Second part of the problem is - I want to process these orders and push to other downstream systems. This component can be called batchCommerceOrderProcessor.
commerceOrderRecorderService & batchCommerceOrderProcessor both will run on a java platform.
I need suggestion on design of these components. Especially the below:
commerceOrderRecorderService
What is he best way to design the columns, considering performance and scalability? Should I store the entire order (complex entity) as a single JSON object. There is no search requirement on the order attributes. We can at least wait until they are processed by the batch processor. Consider - that a single order can contain many sub-items - at the time of processing each of which can be fulfilled differently.
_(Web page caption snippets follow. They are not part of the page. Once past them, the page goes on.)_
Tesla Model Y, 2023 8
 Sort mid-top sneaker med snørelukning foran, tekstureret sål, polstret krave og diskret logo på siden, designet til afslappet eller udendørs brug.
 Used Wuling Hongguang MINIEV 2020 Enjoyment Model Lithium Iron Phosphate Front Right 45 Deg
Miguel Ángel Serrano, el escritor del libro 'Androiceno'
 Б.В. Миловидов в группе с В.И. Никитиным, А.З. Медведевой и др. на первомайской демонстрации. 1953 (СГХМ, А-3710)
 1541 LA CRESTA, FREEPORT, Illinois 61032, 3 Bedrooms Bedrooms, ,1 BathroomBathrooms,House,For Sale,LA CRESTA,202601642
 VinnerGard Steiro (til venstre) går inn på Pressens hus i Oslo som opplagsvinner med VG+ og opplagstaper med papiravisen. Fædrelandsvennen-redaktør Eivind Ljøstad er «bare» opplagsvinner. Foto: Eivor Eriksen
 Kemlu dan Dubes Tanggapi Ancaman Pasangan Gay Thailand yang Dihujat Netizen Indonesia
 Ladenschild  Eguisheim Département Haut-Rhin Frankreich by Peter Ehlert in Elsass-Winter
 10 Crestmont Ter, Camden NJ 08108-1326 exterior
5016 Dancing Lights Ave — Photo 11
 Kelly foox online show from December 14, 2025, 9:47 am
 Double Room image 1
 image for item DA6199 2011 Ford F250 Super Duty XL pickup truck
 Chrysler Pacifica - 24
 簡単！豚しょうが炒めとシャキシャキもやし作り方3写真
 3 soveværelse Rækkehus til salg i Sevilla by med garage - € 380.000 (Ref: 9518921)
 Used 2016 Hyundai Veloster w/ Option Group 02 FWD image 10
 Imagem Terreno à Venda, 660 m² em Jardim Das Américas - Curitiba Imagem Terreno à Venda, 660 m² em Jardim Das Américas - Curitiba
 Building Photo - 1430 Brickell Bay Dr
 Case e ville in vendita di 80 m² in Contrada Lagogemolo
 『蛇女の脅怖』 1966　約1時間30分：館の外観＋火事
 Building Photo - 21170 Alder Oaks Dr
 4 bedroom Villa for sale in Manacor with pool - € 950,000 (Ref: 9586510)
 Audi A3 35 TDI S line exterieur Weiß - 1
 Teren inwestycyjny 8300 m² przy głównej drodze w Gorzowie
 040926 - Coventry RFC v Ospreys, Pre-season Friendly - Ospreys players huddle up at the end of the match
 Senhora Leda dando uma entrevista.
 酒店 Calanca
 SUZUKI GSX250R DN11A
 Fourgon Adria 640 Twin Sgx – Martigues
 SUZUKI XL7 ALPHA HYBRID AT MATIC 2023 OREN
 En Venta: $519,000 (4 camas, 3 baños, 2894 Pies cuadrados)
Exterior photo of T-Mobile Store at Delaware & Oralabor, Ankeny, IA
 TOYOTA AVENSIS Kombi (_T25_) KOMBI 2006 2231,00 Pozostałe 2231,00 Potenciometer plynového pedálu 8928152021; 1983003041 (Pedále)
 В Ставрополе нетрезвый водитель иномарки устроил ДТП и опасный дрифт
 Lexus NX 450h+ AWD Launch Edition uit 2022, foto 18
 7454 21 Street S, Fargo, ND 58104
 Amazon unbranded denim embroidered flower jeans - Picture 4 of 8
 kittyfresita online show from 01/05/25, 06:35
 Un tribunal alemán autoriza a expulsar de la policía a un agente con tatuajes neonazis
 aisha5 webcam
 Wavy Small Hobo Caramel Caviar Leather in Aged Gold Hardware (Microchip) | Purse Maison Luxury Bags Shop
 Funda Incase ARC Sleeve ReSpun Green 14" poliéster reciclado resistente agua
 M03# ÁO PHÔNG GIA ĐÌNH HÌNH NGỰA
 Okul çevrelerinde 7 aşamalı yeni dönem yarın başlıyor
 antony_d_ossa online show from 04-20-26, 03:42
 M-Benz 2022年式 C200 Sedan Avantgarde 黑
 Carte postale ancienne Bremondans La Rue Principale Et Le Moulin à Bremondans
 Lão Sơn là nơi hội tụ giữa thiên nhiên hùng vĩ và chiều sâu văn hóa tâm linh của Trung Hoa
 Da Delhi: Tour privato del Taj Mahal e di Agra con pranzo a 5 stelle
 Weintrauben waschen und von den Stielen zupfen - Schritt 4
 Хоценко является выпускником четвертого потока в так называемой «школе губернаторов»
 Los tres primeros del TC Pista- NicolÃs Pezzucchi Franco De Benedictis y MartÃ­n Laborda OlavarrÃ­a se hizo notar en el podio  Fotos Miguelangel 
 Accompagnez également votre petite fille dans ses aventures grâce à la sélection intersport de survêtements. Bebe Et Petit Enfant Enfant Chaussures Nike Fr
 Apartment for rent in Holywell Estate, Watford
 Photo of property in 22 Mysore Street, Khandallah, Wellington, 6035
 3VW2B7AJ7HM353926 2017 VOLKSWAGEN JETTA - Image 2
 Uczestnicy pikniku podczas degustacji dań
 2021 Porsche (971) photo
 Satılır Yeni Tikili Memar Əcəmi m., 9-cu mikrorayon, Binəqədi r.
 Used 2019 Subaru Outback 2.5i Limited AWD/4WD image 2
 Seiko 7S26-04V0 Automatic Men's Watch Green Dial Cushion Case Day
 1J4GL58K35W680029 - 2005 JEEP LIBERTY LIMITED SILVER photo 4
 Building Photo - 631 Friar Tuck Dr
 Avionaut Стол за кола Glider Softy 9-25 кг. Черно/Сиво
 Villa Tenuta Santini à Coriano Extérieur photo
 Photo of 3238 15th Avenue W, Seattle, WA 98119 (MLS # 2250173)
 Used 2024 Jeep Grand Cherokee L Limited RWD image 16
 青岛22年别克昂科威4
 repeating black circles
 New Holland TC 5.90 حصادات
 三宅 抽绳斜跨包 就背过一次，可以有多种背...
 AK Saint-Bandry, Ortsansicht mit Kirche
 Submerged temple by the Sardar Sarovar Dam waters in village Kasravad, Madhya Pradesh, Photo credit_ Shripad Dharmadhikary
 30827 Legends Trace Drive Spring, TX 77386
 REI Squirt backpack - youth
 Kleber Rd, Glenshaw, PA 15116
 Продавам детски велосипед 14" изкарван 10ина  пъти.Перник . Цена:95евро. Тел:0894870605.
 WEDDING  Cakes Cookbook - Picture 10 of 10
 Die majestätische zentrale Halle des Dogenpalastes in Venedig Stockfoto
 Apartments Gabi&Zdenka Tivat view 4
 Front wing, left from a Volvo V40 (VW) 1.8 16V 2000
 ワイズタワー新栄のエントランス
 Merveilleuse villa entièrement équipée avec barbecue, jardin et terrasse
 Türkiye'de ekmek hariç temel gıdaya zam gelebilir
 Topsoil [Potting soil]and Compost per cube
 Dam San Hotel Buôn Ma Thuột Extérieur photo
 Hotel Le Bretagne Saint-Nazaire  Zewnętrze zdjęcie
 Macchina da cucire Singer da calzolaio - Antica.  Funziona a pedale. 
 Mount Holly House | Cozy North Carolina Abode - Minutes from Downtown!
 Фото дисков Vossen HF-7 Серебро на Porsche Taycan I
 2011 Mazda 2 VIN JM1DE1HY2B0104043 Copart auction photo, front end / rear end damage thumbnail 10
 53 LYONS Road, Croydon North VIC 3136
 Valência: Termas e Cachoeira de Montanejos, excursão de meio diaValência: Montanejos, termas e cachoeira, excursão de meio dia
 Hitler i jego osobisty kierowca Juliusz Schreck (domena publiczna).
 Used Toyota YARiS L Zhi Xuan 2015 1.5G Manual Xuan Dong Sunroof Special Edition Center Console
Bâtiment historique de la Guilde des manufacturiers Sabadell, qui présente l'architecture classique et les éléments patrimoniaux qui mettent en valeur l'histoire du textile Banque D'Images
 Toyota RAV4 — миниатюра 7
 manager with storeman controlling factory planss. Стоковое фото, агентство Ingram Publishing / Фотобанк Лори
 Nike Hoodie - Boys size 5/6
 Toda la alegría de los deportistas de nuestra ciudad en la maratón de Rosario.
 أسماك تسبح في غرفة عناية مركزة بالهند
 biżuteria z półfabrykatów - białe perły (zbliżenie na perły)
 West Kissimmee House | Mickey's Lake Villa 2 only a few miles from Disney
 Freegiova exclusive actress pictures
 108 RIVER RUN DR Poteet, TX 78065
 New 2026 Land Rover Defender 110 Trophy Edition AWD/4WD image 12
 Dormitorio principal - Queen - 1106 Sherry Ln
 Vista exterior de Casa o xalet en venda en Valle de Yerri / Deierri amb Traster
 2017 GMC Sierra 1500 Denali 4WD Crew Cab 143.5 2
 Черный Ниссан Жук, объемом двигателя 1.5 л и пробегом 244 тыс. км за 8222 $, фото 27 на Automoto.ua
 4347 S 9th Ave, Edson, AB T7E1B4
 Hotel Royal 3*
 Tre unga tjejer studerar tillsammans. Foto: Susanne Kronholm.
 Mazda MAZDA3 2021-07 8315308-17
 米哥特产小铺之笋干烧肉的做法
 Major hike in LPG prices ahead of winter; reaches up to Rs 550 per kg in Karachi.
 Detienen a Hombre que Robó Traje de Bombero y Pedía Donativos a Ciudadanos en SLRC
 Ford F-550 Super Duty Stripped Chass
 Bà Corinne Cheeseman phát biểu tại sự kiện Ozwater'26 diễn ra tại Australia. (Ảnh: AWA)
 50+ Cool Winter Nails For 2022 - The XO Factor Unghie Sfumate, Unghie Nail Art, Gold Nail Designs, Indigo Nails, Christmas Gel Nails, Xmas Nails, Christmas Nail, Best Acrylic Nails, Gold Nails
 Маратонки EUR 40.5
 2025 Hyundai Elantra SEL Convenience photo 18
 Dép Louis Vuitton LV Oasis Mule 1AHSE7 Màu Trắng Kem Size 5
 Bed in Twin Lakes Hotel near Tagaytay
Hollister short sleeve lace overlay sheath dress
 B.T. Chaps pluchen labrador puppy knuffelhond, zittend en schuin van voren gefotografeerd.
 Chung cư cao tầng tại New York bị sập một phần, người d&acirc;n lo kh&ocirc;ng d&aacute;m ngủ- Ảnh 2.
Designing columns for such data structure may be an overkill
What should be the key, given that data volumes would be high. 10 transactions per second let's say during peak. Any libraries or best practices for creating such transactional data in cassandra? Can TTL also be used effectively?
batchCommerceOrderProcessor
- How should the rows be retrieved for processing?
- How to ensure that a multi-threded implementation of the batch processor ( and potentially would be running on multiple nodes as well ) will have row level isolation. That is no two instance would read and process the same row at the same time. No duplicate processing.
- How to purge the data after a certain period of time, while being friendly to cassandra processes like compaction.
Appreciate design inputs, code samples and pointers to libraries. Thanks.